6 Fungsi Manajemen Logistik dalam Organisasi

Manajemen Logistik

Logistik juga dikenal sebagai manajemen Distribusi Fisik. Logistik adalah kegiatan yang dilakukan oleh banyak perusahaan yang berbeda untuk melakukan aktivitas distribusi fisik barang. 

FMCG, barang tahan lama konsumen, dan banyak industri lainnya secara teratur memproduksi barang di pabrik mereka. 

Kemudian, barang-barang hasil produksi ini harus diangkut ke distributor dan dealer dan terakhir ke konsumen akhir mereka. Logistik adalah sarana untuk mengangkut barang dari perusahaan ke distributor atau konsumen akhir.

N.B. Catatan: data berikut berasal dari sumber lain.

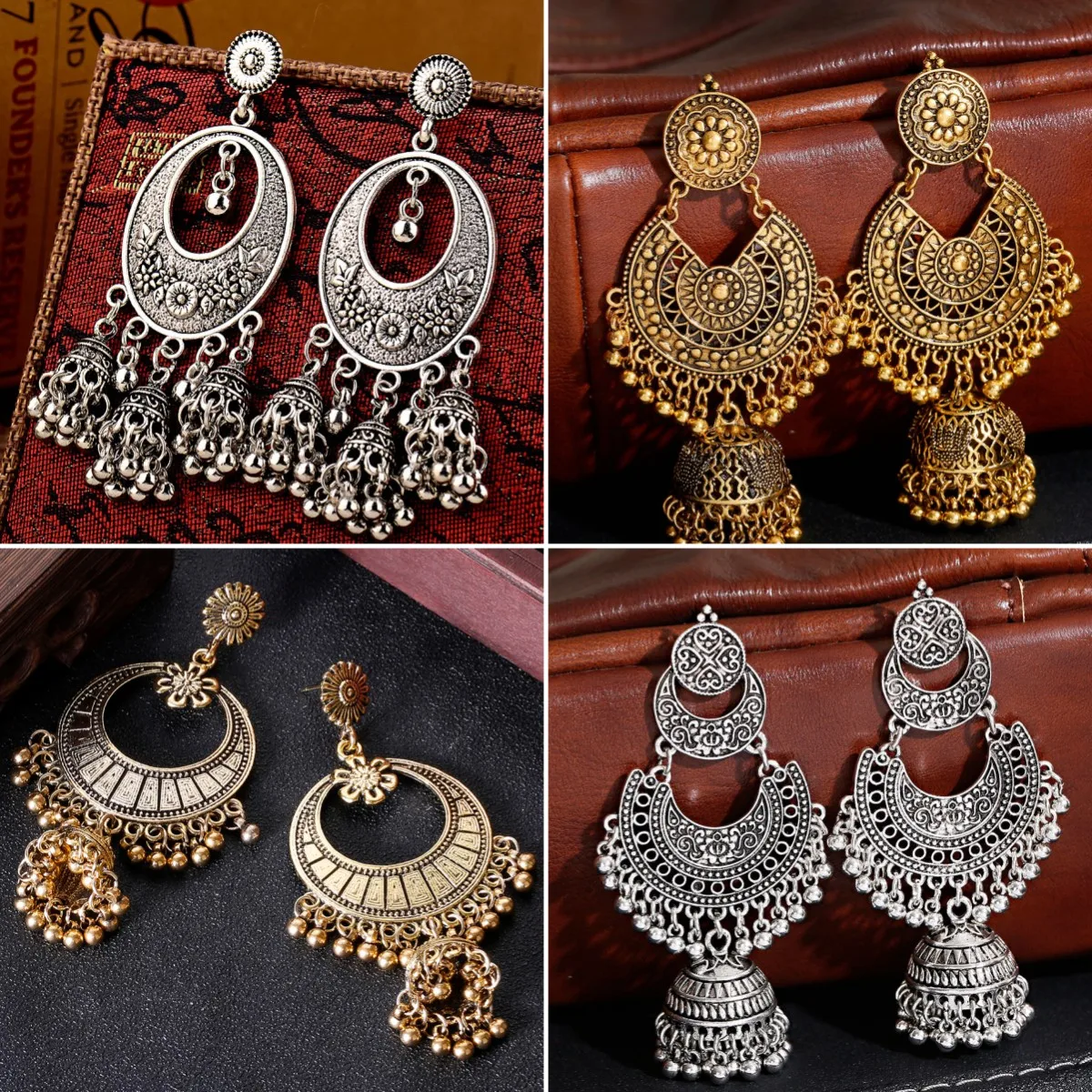 Boho Vintage Jhumka Statement Big Bells Tassel Drop Earrings for Women Ethnic Round Carved Brincos Gypsy Indian Jewelry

Apa Arti Manajemen Logistik?

Manajemen logistik adalah bagian dari manajemen rantai pasokan (supply chain) yang digunakan untuk memenuhi permintaan pelanggan melalui perencanaan, pengendalian, dan implementasi pergerakan dan penyimpanan yang efektif dari informasi, barang, dan jasa terkait dari asal ke tujuan. 

Manajemen logistik berfungsi untuk membantu perusahaan dalam mengurangi biaya distribusi dan meningkatkan layanan pelanggan.

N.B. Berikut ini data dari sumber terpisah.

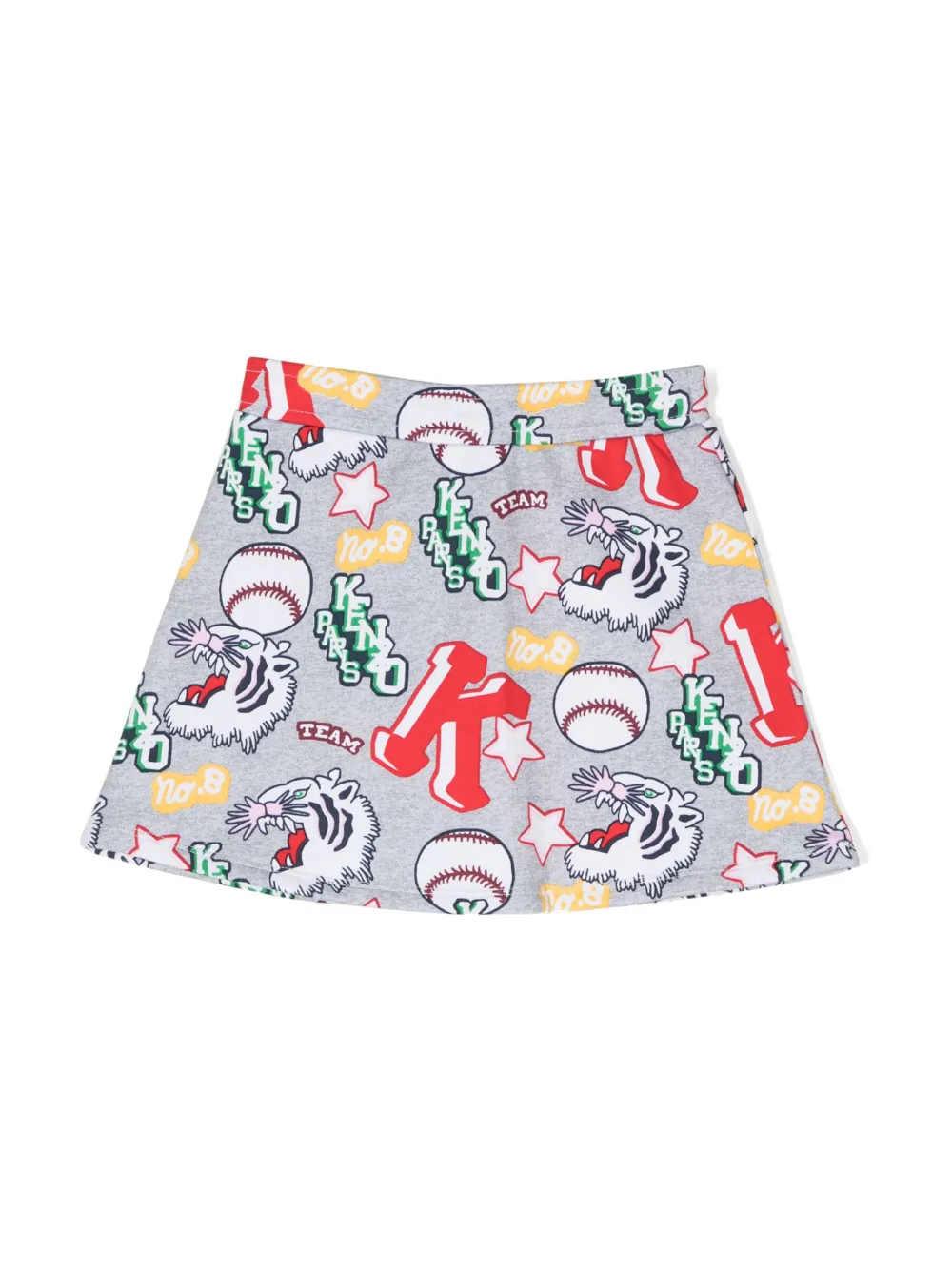 Юбка с кулиской и принтом Kenzo Kids, серый — фото 2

Proses manajemen logistik dimulai dari penimbunan bahan baku hingga tahap akhir pengiriman barang ke tempat tujuan.

Dengan mengikuti kebutuhan pelanggan dan standar industri saat ini, maka manajemen logistik memfasilitasi strategi proses, perencanaan dan implementasi.

Namun, satu hal yang perlu dicatat bahwa manajemen logistik tidak berarti urusan "transportasi" saja. Ada banyak aktivitas logistik atau fungsi logistik yang berbeda yang digunakan oleh sebuah perusahaan.

Contohnya, jika Anda harus mengirimkan barang dari gudang Anda ke dealer, maka Anda perlu menyesuaikan persediaan yang Anda miliki di gudang Anda (karena barang akan dikeluarkan). 

Demikian pula, Anda harus memiliki entri yang ditinggalkan barang dari gudang Anda dan mencapai dealer. Di antaranya, Anda juga perlu memastikan bahwa barang ditangani dengan cara yang tepat dan mencapai kondisi yang diinginkan ke dealer. Jika ada pengembalian dari dealer, mereka harus diperhitungkan juga.

Dari contoh di atas, kita dapat memahami bahwa ada banyak kegiatan logistik yang harus diperhatikan dengan baik. Palin tidak ada 6 fungsi manajemen logistik tersebut yang akan dibahas dalam artikel kali ini.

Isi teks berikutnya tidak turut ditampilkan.